But some previous research has suggested it may be detrimental to mental health, with women reporting taking care of their children as more stressful than being at work.

So her team at the University of Mary Washington, Virginia, looked at whether intensive parenting in particular was linked to increased levels of stress, depression and lower life satisfaction among 181 mothers of children under five.

Using an online questionnaire, they found out to what extent the participants endorsed intensive parenting beliefs by measuring their responses to a series of statements.

These included "mothers are the most necessary and capable parent", "parents' happiness is derived primarily from their children" and "parents should always provide their children with stimulating activities that aid in their development".

Others were "parenting is more difficult than working" and "a parent should always sacrifice their needs for the needs of the child".

Overall, the women were satisfied with their lives but had moderate levels of stress and depression.

Almost one in four had symptoms of depression and these negative mental health outcomes were accounted for by their endorsement of intensive parenting attitudes.

When the level of family support was taken into account, those mothers who believed women are the essential parent were less satisfied with their lives. Those who believed that parenting is challenging were more stressed and depressed.

The researchers said overall, the women were satisfied with their lives but had moderate levels of stress and depression.

They added: "In reality, intensive parenting may have the opposite effect on children from what parents intend."

Earlier this year a study of more than 60,000 US mothers found 41 percent of those not in work experienced worry compared to 34 per cent of those employed.

And 28 per cent suffered depression, eleven per cent more than the others.
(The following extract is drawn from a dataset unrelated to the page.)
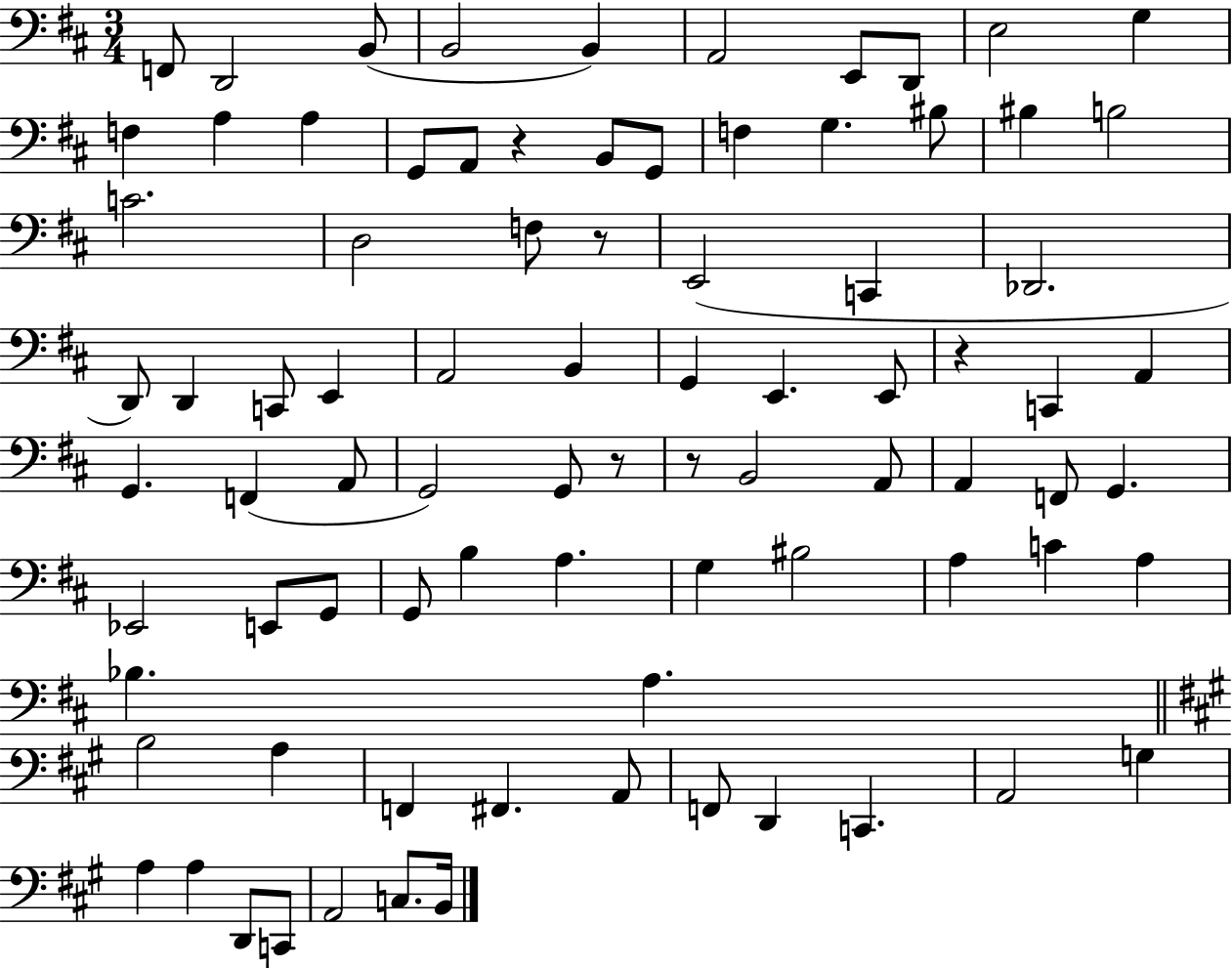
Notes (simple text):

Psychlogists fear the phenomenon is linked with feelings of isolation and a lack of fulfillment. "

www.telegraph.co.uk/health/healthnews/9381449/Stay-at-home-mothers-more-unhappy-than-those-who-work.html

OP posts:
exoticfruits · 12/07/2012 07:57

I want my DCs to end up with a career that they find interesting - I will support them in what they want to do rather than try and shoehorn them into my ambitions (it never works anyway, I have seen many midlife changes where people throw it all up and do what they wanted to do in the first place.)
Maybe they are artistic and want to be a potter, go off and be a shepherd in the wilds of Scotland, want to be a nurse, a costume designer, dressmaker, librarian etc etc etc. I certainly don't want to have paid school fees and say - 'this was my investment and I expect a return'!
There are some jobs that I would hate - life wouldn't be worth living- and Xenia's top jobs come under this heading. I am glad that there are people who find them interesting and exciting - but we don't all.
It isn't a question of thinking we are worth less- just that given a list of what we want from life , money is way down and , in my case, power and islands are off the bottom of the scale.

CheerfulYank · 12/07/2012 07:57

Well, in my country we're already responsible for our own healthcare and education (college anyway), so no matter there. :o

I personally genuinely find fulfillment in caring. I feel like I make a difference and it comes naturally to me. And I have to explain it over and over again, because I'm well read or something. Confused My friend's DH (who is an RN) told me "oh you're much too intelligent to be a CNA" Hmm What does that say about the standard of care, if you think it's only for people who can't do anything else?!

For me it is a genuine calling. I used to work part time as an aide for a girl with AS. I changed her diapers until she was almost 9, sat through tantrums that lasted hours and hours, taught her how to speak to others by role playing over and over and over again for years, and basically took her from someone who screamed when she had to sit still in a circle for five minutes to someone who can more or less hold her own with her peers. It was my job and I loved it and I was damn good at it.

For this I was paid the queenly sum of about 4500 pounds a year. But I wouldn't have traded it for a board room job or any other kind of office work, honestly.

exoticfruits · 12/07/2012 08:01

I would find that job fulfilling too, CheerfulYank. If I had to work in the medical profession I would want to be a nurse, doing the caring and not as the surgeon poking around in the insides, seeing the thyroid and not the person.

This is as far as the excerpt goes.